シングルトンは、アプリケーション内で唯一のインスタンスを持つクラスのデザインパターンです。シングルトンクラスは通常、最初の要求時に初期化され、その後は同じインスタンスが再利用されます。これにより、アプリケーション内の複数の部分から共有されるデータや状態を効果的に管理することができます。

class MyService {
  void doSomething() {
    print('Hello, world!');
  }
}
import 'package:flutter/material.dart';
import 'package:get_it/get_it.dart';

import 'my_service.dart';

void main() {
  // インスタンスを取得するための依存性注入コンテナを作成します。
  final getIt = GetIt.instance;

  // MyServiceクラスのインスタンスをシングルトンで登録します。
  getIt.registerSingleton<MyService>(MyService());

  runApp(MyApp());
}

class MyApp extends StatelessWidget {
  @override
  Widget build(BuildContext context) {
    // MyServiceのインスタンスを取得します。
    final myService = GetIt.instance<MyService>();

    return MaterialApp(
      title: 'Flutter Demo',
      home: MyHomePage(myService: myService),
    );
  }
}

class MyHomePage extends StatelessWidget {
  final MyService myService;

  MyHomePage({@required this.myService});

  @override
  Widget build(BuildContext context) {
    return Scaffold(
      appBar: AppBar(
        title: Text('My App'),
      ),
      body: Center(
        child: RaisedButton(
          onPressed: () {
            // MyServiceのメソッドを呼び出します。
            myService.doSomething();
          },
          child: Text('Say Hello'),
        ),
      ),
    );
  }
}

上記の例では、MyServiceクラスのインスタンスをシングルトンで登録し、MyHomePageウィジェットのコンストラクターで、MyServiceのインスタンスを受け取っています。buildメソッド内で、myService.doSomething()を呼び出しています。

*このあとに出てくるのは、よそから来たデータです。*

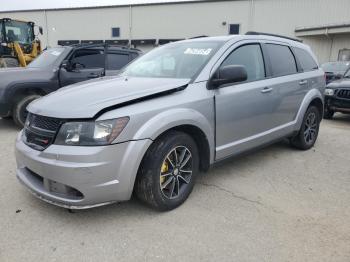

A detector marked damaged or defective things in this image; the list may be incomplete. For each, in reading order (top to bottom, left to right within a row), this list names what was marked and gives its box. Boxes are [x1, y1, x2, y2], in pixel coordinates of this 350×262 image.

damaged hood [28, 76, 190, 118]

以上のように、依存性注入を使用することで、アプリケーションのコードをより疎結合にすることができます。また、テスト性や保守性も向上させることができます。get_itパッケージは、Flutterアプリケーションで簡単に依存性注入を実装するための優れたツールです。

まとめ

依存性注入を使用すると、アプリケーションの各部分がより疎結合になり、よりテストしやすい、より柔軟で、より再利用可能なコードを作成することができます。Flutterの依存性注入は、DIパッケージを使用することで実現され、コンストラクターインジェクションをサポートします。コンストラクターインジェクションは、Flutterのアプリケーションで依存関係注入を実現するための簡単な方法です。

コンストラクターインジェクションは、依存性をクラスのコンストラクターを介して注入する手法です。依存性を必要とするクラスのコンストラクターパラメーターに依存オブジェクトを渡すことで、クラス内での依存関係の作成と解決を実現します。これにより、クラスのテストや再利用が容易になり、疎結合なコードを実現できます。